As developed nations continue to draw up lofty blueprints of expanded industrialization, one no longer needs to turn an eye on history to find examples of environmental injustice. How about the scheduled drilling of the pristine Arctic Wildlife National Refuge or the destruction of the Tongass National Forest in Alaska? Maybe the recently approved Kinder Morgan Trans-Mountain Pipeline System rings a bell, sending crude oil through established First Nation territories in Alberta? With every baseless federal proposal and every entangled tribal nation, the line is thinning between indigenous rights and climate activism.

Or, at least, so says Ruth Miller, a recent Brown graduate and Dena’ina Athabaskan Alaska Native youth leader leading the charge for indigenous representation in the ongoing global climate change debate. I had the pleasure of chatting with Miller about her thoughts on the Youth Climate Summit on Sep. 21, which she attended at the U.N. Headquarters. Her responses elucidate the progress we’ve made as an international community and, just as saliently, how far we have yet to go.
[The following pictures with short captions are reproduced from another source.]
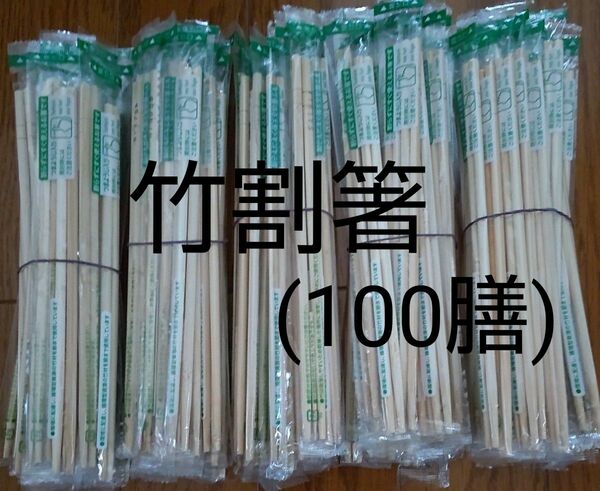 割りばし (つまようじ入り) 100膳 割らずに使用できる竹割箸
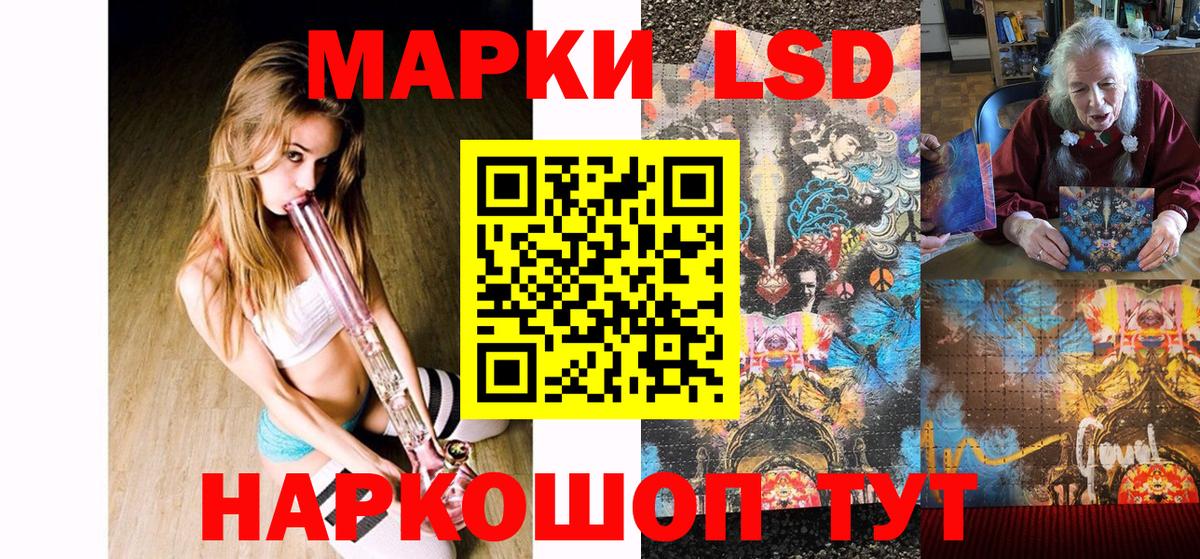 Марки N-bome 1,5мг  Вход с VPN  Гурьевск  Марки N-bome 1,5мг 
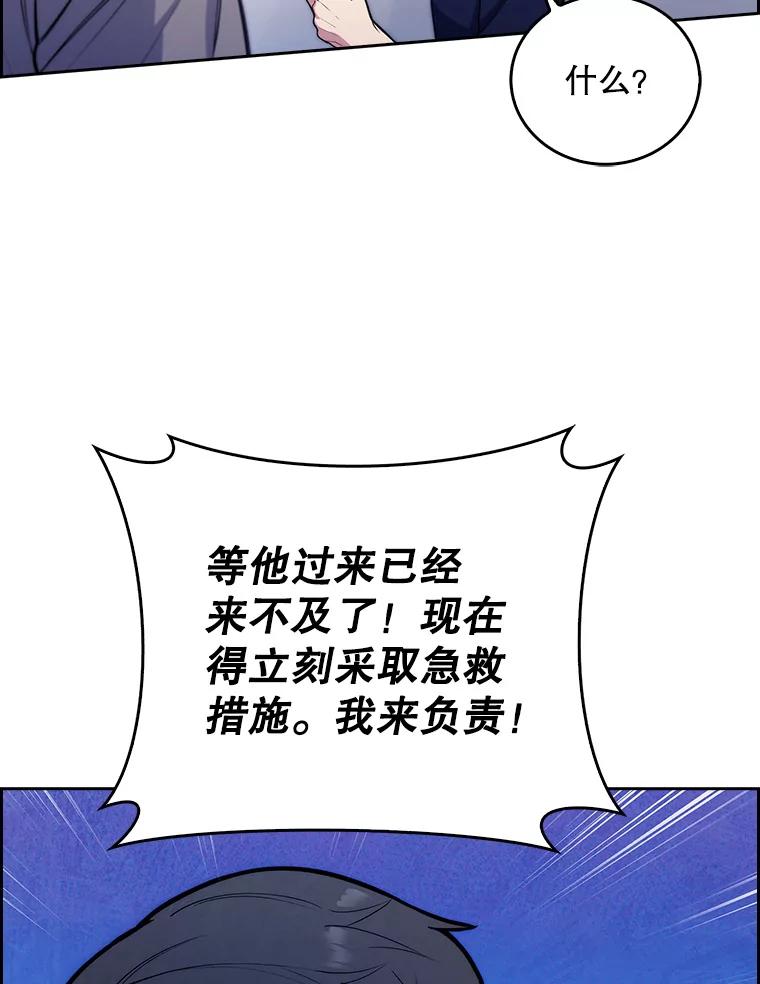 《升级医生崔基石》15.挨批 第23页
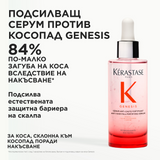 Подсилващ серум за коса склонна към косопад 90 мл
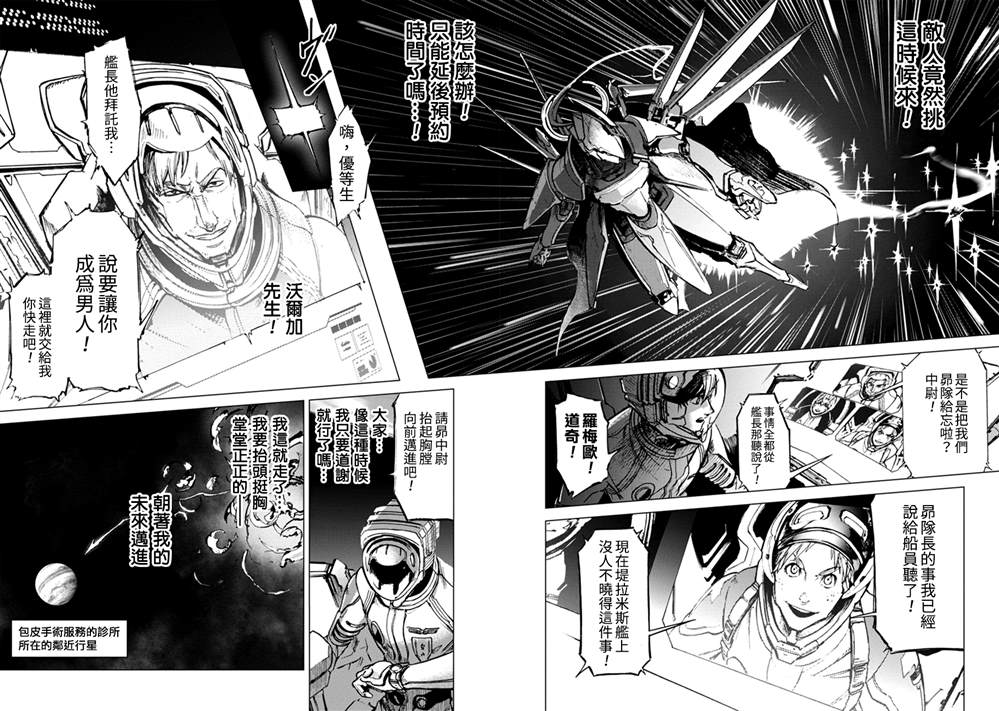 《宇宙战舰提拉米斯》第65话 第8页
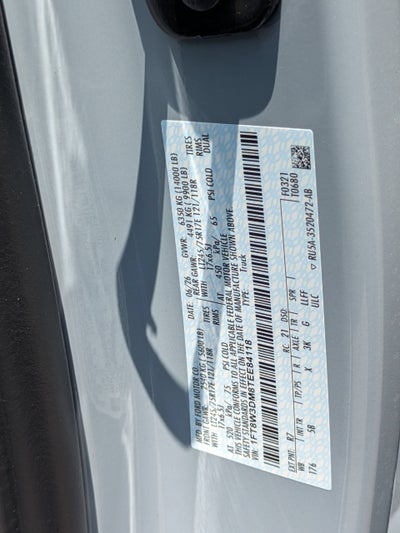 2026 Ford Super Duty F-350 DRW LARIAT
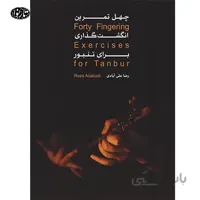 چهل تمرین انگشت گذاری برای تنبور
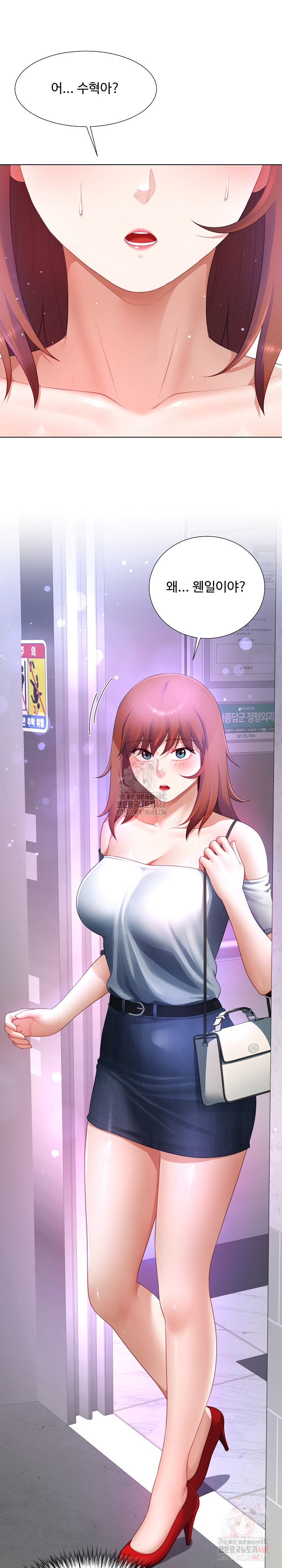 Wanna Become a Dad or a Boyfriend? Raw - Chapter 37 Page 14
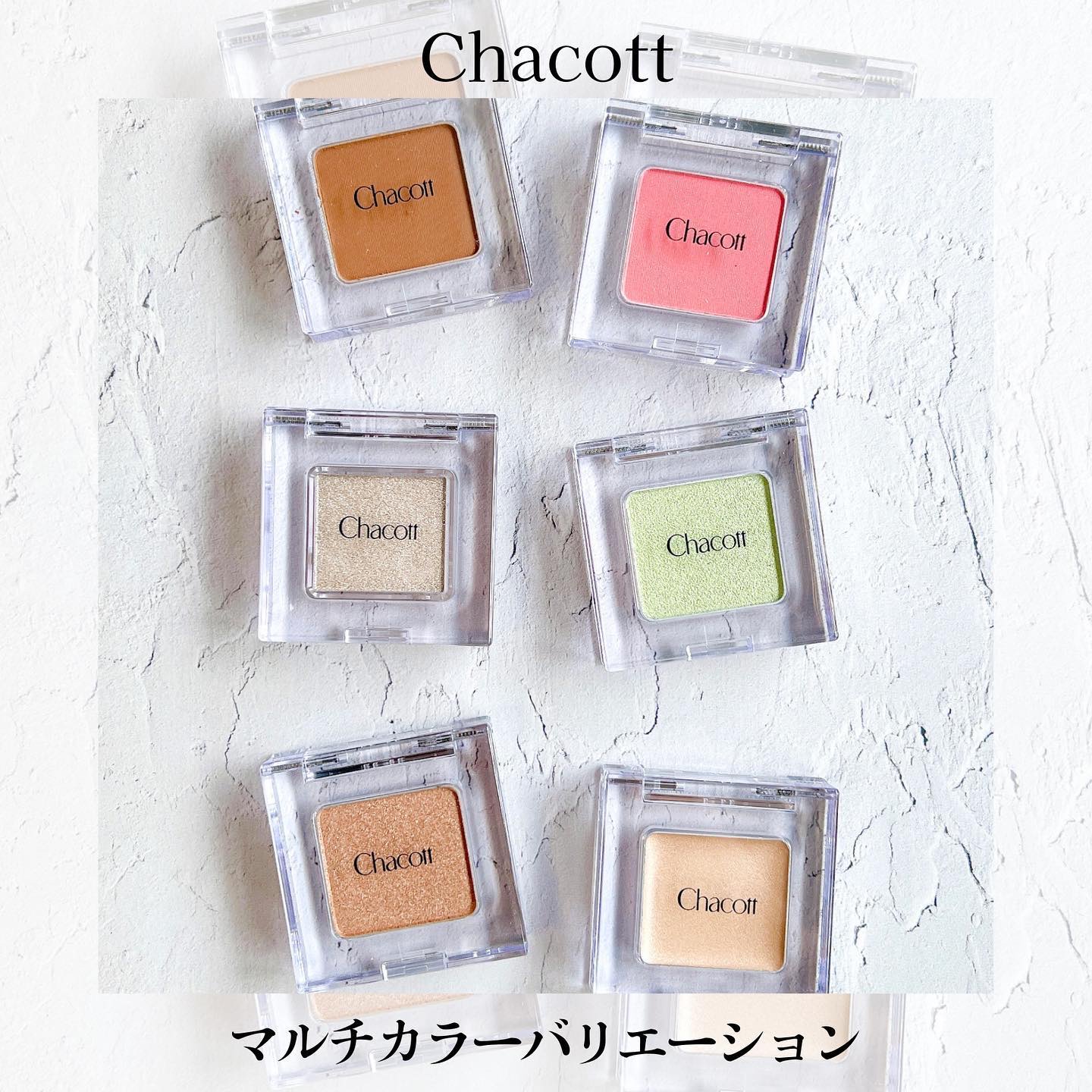 マルチカラーバリエーション メタリック ME03/チャコット・コスメティクス/単色アイシャドウを使ったクチコミ（1枚目）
Q: The Youth Climate Summit on the 21st made ample mention of Small Island Developing States and the unfair climate burden they are being subjected to. But, do you think there was enough talk of indigenous communities in the U.S. and Canada, and how their climate concerns are not being addressed?

A: I found that the U.N. Youth Summit was seriously lacking in productive action. I believe that there was a lot of lip service paid. From a youth perspective, I think that it was almost a convening to let off steam, because what are global leaders going to walk away with from this? That youth care about the environment? Well, we’ve been saying that in many different ways for years. If our protests did not make that clear, if our entire movement did not make that clear, this conference did not particularly feel like it added more perspective. 
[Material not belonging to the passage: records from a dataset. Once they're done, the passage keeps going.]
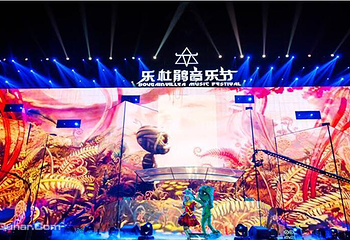 唐山南湖蓝带乐杜鹃电子音乐节第 3 张图片
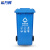 希万辉 240L常规款蓝色 商用新国标江苏苏州户外垃圾分类垃圾桶XWH0014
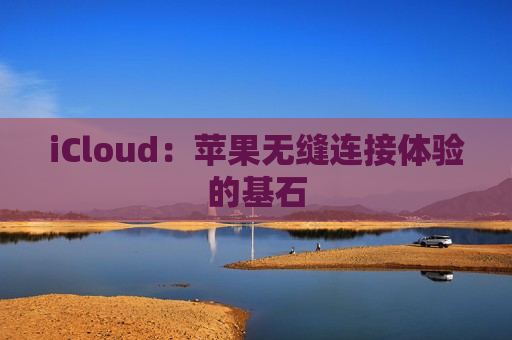 iCloud：苹果无缝连接体验的基石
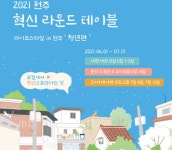 원주 혁신 라운드 테이블, '라이프스타일 인 원주, 청년편'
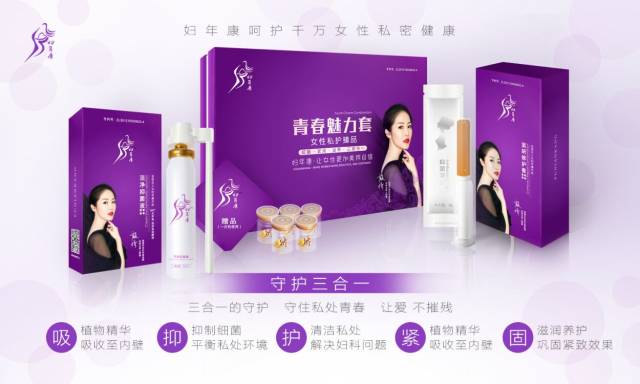 女性私处护理的重要性与误区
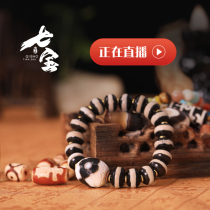 Qibao Tianzhu Tibet Natural Nine-Eye Stone Shale to Pure Real Special Collection Agate Original Live Broadcast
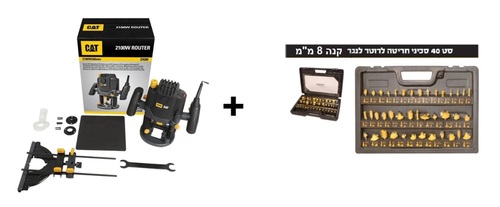 רוטר חשמלי CAT 2100W DX89+סט 40 כרסמים קשקו+מתאם 12 מ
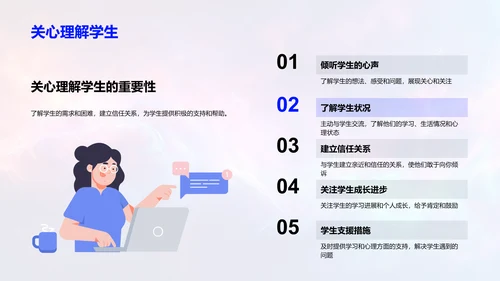 教师成长与学生心理健康PPT模板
There were not many indigenous youths attending. Those that I was lucky enough to meet were equally frustrated. Many were not given particular access to, for instance, the Global Leaders Summit on Monday, things that might initiate serious and impactful dialogue about what can be changed. And to me, it was not only this underrepresentation of indigenous people, but the only mention of indigenous people that I saw at the UN felt to check a box. If actual inclusion and acceptance was a priority for the U.N., then I would have expected to see many more youths who have been feeling the front lines of these climate change issues for years, not only the youths articulate enough to speak at a conference, but also the youth who have been chaining themselves to pipelines, who are protesting now in Mauna Kea. And the youth who may not be able to pay their way to a summit like this, for whom it may not be acceptable to miss school. There are so many different kinds of involvement that could have been made acceptable and weren’t. For me, the only real Indigenous recognition that I witnessed was an opening prayer.

Q: About this youth caucus, in what way did they not adequately address the problems that indigenous communities encounter? Was it that they weren’t the true representatives or victims of climate change?
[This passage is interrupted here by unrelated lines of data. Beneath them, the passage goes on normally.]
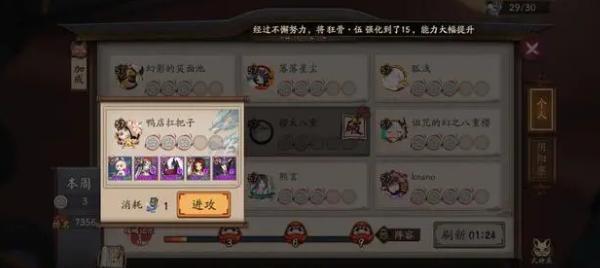 阴阳师技能重置_阴阳师技能可以重置吗-第1张图片-流派游戏资讯网 阴阳师技能重置_阴阳师技能可以重置吗-第1张图片-流派游戏资讯网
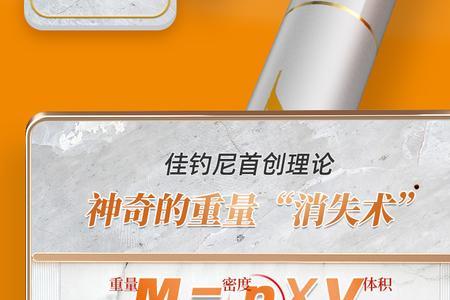 佳钓尼伏魔典藏4代3号怎么样
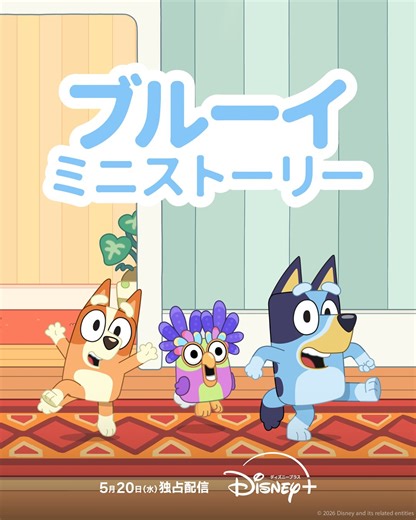 2025年アメリカで最も視聴された番組！「ブルーイ ミニストーリー」シーズン2が5月20日配信決定 : 映画ニュース - 映画.com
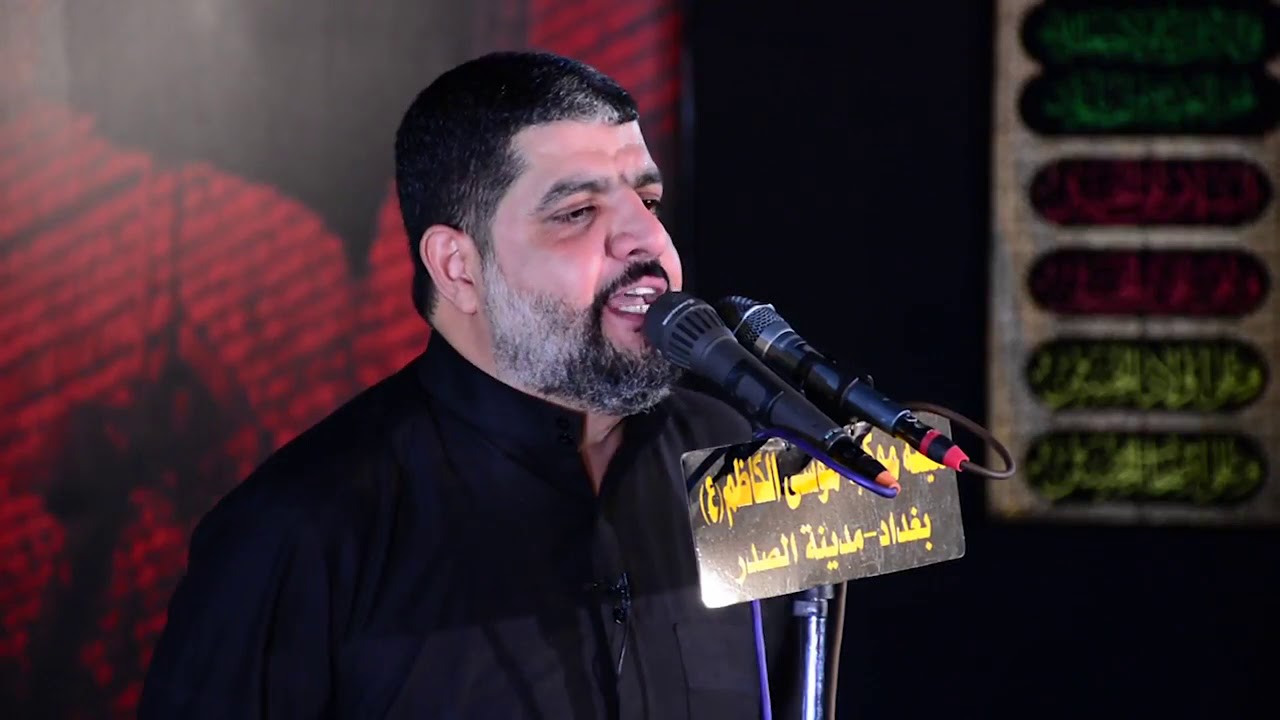 ايام هاي الدنيا ايام  ll مالك الاسدي
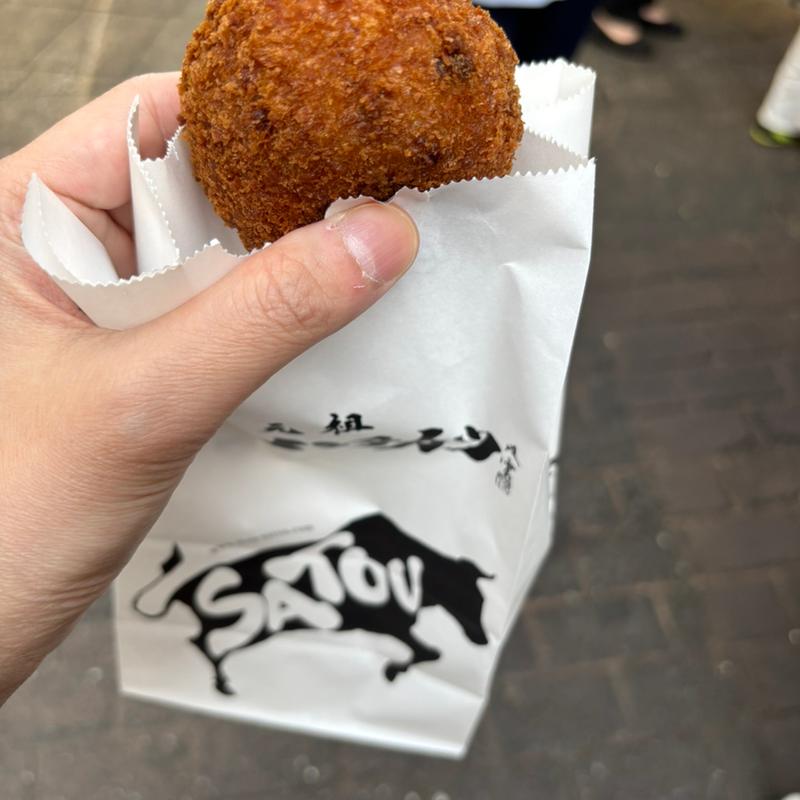 コロッケ(吉祥寺さとう)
A: I would not put the blame on those individuals, on those youths who are taking the time and energy and sacrifice to occupy these spaces. For me, the blame is much more on the fact that they were not given a platform, they were not given an opportunity to integrate their wealth of knowledge and their experience into a space like a climate summit that is not decolonized and indigenized. If youths, particularly indigenous youths, had been given a workshop, a lecture, a session, anything that would have been able to communicate the importance of integrating indigenous youth voices. But I didn’t see any meaningful engagement with what it means to center indigenous voices in the climate change struggle. The only deep decolonization work that I saw in my time involved with these issues in New York was at the March for the Climate on Friday, Sept. 20, when Indigenous youth did take the stage in front of hundreds of thousands of people, to talk about their communities, their issues, what they were doing and what they recommended others to do. That was beautiful and that really set the bar that the United Nations did not meet. 

Q: I’m astounded that they didn’t have a indigenous communities panel, I just assumed that they would.

A: It’s almost a dangerous assumption, right? And I was almost scolding myself, like ‘Ruth, you knew you would be disappointed. Why are you surprised?’ You know, I’m committed to being in this space; this is my third summit that I’ve attended at the United Nations in the past year. I came from Alaska! I had this hope and I’m deeply frustrated that this organization with global leverage, with the resources, with the funding can’t do better, honestly. And I think it’s more important not to just complain about what patterns, what habits those in power are replicating that are maintaining this unsatisfying status quo and think about what can be changed. So, for instance, this whole Youth Summit was not facilitated and it did not appear to be organized by any youth. The entire program, the schedule of events, everything — I admit I do not know how those events were decided upon, but zero part of it was facilitated or led or moderated by a youth representative, so it almost felt like a playground.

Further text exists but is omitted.